By 1978, Ferrari had joined Renault as a customer for the Michelin radials and in the second race of the 1978 season, the Brazilian Grand Prix on the Jacarepagua circuit, Michelin scored its first victory in modern Grand Prix history, when Carlos Reutemann's Ferrari 312T3 won the race at Rio. Michelin had other racing successes in 1978 that seemed to reflect the overall quality of its commitment to motorsports in that era, with victories at Le Mans and in the Monte Carlo Rally coming on Michelin-shod cars.

But in 1979, there came the crowning achievement for the French consortium of Renault and Michelin. In the now legendary French Grand Prix held at Dijon on July 1st, 1979, the Renault RS10, with two French drivers and the now-reliable 1.5 litre Renault V6 Turbo, running on Elf fuel and on Michelin tires, finally won its first race. Fittingly, it was Jean-Pierre Jabouille at the wheel of the winning Renault; Jabouille had been involved with the turbo since its inception.

Of course for Formula One fans, the 1979 French Grand Prix is most remembered for the breathtaking wheel-to-wheel duel in the closing laps between Rene Arnoux in the Renault RS10 and Gilles Villeneuve in the Ferrari 312T4, as they passed and re-passed each other in a classic contest of wills and nerve, which ended up with Villeneuve finishing second in the race, spoiling a 1-2 sweep for Renault. In certainly one of Michelin's prouder moments, all eight of those tires that stood up to the punishment of that Renault-Ferrari wheel-to-wheel racing were Michelin's!

And when the 1979 season was over, Michelin had its first championship when Jody Scheckter won both the Drivers' and Constructors' Championships for Ferrari.

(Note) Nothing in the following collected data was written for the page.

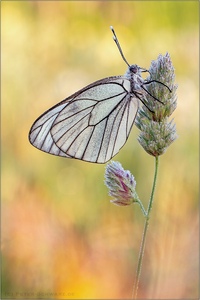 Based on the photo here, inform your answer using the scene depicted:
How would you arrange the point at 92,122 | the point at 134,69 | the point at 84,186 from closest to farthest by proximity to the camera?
the point at 134,69 < the point at 92,122 < the point at 84,186

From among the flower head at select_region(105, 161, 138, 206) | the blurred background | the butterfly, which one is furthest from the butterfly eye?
the blurred background

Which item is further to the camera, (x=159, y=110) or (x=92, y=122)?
(x=92, y=122)

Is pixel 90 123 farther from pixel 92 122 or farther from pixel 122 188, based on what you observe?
pixel 122 188

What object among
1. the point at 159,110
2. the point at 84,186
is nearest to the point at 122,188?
the point at 159,110

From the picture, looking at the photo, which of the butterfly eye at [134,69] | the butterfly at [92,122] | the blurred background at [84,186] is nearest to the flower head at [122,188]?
the butterfly at [92,122]

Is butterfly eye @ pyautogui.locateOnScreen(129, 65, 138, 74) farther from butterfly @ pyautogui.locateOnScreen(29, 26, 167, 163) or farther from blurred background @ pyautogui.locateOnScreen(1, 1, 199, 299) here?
blurred background @ pyautogui.locateOnScreen(1, 1, 199, 299)

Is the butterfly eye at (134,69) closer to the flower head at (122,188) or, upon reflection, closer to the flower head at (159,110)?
the flower head at (159,110)

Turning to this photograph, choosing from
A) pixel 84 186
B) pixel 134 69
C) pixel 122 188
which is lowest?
pixel 84 186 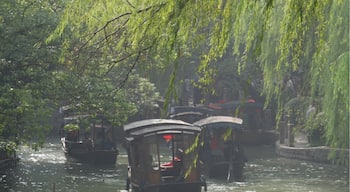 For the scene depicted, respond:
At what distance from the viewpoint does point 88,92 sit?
16.4 m

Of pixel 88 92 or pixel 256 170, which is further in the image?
pixel 256 170

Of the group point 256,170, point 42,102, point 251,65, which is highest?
point 251,65

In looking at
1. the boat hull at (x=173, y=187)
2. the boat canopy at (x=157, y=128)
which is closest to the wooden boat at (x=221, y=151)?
the boat canopy at (x=157, y=128)

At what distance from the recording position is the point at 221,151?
82.5ft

By 1981, Goodyear, which still supplied most of the teams, had preliminarily announced (as it did again in 1998) that it would withdraw from Formula One, and Michelin was quick to take up the cudgels and let it be known that it would be prepared to supply all the teams. As it turned out, Italian tire supplier Pirelli and British supplier Avon came back into Formula One that year, and Goodyear relented and ended up still supplying Williams, Brabham and Lotus.

With Michelin now supplying McLaren, Alfa Romeo, Fittipaldi, Osella, Talbot-Ligier in addition to its original customers Renault and Ferrari, Formula One enjoyed one of its more competitive seasons. Nelson Piquet in the Bernie Ecclestone-owned, Gordon Murray-designed Brabham BT 49C won the World Drivers Championship by one point over Carlos Reutemann's Williams FW07C, both teams on Goodyear tires, a result which seemed to sustain Goodyear's interest in remaining in Formula One.

In 1982, Ferrari ended its four-year relationship with Michelin and switched to Goodyear; Michelin continued to supply McLaren and the French teams, and at the end of the year, the two top teams in the Constructors' Championship were Ferrari (on Goodyears) and McLaren (on Michelins). In 1983, Michelin added Brabham to its stable, and Piquet once again won the Drivers' Championship, this time on Michelins, in the Brabham BT52 BMW Turbo - the first turbo to win a World Championship.

In 1984, in one of Formula One's periodic attempts to slow the cars down, the amount of fuel was limited and refueling stops were no longer permitted, thus increasing the importance of the tires. All three tire manufacturers then in Formula One - Goodyear (still), Michelin and Pirelli - were producing radial tires by this time, following Michelin's lead, with McLaren, Brabham, Renault and Ligier on Michelins; Ferrari, Lotus, Williams, Tyrrell and Arrows with Goodyear; and Pirelli supplying the smaller teams, such as Toleman, Osella and Spirit.

As it happened, 1984 would turn out to be McLaren's first powerhouse year, with the John Barnard-designed MP4/2, powered by the TAG-Porsche V6 Turbo and driven by Niki Lauda and Alain Prost; the Michelin tires rounded out this dominant combination. Surprisingly, it was at the end of this most successful of seasons that Michelin announced its withdrawal from Formula One, leaving behind a remarkable record in only seven full seasons: 59 wins, three Drivers' World Championships, and two Constructors' Championships, as well a pioneering the use of radial tires in Formula One, which had universally replaced cross-ply tires by the time Michelin left Formula One.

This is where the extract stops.